■ EXERCISE PROMPT: These entries are to be set down again exactly.

=== Begin Enclosure ===

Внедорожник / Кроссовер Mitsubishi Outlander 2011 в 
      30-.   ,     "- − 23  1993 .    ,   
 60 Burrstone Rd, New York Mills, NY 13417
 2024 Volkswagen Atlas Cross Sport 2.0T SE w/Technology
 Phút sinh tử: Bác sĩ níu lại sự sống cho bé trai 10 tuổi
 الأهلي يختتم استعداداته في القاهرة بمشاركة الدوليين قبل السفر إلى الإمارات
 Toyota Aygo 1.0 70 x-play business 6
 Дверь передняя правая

=== End Enclosure ===

■ TASK OUTPUT:
Внедорожник / Кроссовер Mitsubishi Outlander 2011 в 
      30-.   ,     "- − 23  1993 .    ,   
 60 Burrstone Rd, New York Mills, NY 13417
 2024 Volkswagen Atlas Cross Sport 2.0T SE w/Technology
 Phút sinh tử: Bác sĩ níu lại sự sống cho bé trai 10 tuổi
 الأهلي يختتم استعداداته في القاهرة بمشاركة الدوليين قبل السفر إلى الإمارات
 Toyota Aygo 1.0 70 x-play business 6
 Дверь передняя правая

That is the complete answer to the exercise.